PROBLEM REQUIREMENTS » Each record is to be transcribed in full and exactly.
----------------------------------------
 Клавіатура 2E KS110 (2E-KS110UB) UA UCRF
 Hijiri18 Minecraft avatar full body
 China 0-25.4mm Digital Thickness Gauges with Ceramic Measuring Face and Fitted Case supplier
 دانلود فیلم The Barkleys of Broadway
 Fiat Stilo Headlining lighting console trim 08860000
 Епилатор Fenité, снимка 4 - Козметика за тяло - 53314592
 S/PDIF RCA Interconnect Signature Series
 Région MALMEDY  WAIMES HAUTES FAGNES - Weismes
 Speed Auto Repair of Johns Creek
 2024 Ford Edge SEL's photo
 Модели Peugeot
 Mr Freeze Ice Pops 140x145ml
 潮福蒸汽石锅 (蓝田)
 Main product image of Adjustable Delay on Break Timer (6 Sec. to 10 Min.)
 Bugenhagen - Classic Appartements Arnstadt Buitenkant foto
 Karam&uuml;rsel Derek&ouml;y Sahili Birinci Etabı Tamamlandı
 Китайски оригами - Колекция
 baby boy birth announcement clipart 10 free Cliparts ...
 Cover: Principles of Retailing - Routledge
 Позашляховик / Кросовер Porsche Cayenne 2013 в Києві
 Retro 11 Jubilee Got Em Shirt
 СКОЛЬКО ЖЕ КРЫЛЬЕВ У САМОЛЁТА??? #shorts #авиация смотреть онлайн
----------------------------------------
RESULT FOR THIS EXERCISE »
 Клавіатура 2E KS110 (2E-KS110UB) UA UCRF
 Hijiri18 Minecraft avatar full body
 China 0-25.4mm Digital Thickness Gauges with Ceramic Measuring Face and Fitted Case supplier
 دانلود فیلم The Barkleys of Broadway
 Fiat Stilo Headlining lighting console trim 08860000
 Епилатор Fenité, снимка 4 - Козметика за тяло - 53314592
 S/PDIF RCA Interconnect Signature Series
 Région MALMEDY  WAIMES HAUTES FAGNES - Weismes
 Speed Auto Repair of Johns Creek
 2024 Ford Edge SEL's photo
 Модели Peugeot
 Mr Freeze Ice Pops 140x145ml
 潮福蒸汽石锅 (蓝田)
 Main product image of Adjustable Delay on Break Timer (6 Sec. to 10 Min.)
 Bugenhagen - Classic Appartements Arnstadt Buitenkant foto
 Karam&uuml;rsel Derek&ouml;y Sahili Birinci Etabı Tamamlandı
 Китайски оригами - Колекция
 baby boy birth announcement clipart 10 free Cliparts ...
 Cover: Principles of Retailing - Routledge
 Позашляховик / Кросовер Porsche Cayenne 2013 в Києві
 Retro 11 Jubilee Got Em Shirt
 СКОЛЬКО ЖЕ КРЫЛЬЕВ У САМОЛЁТА??? #shorts #авиация смотреть онлайн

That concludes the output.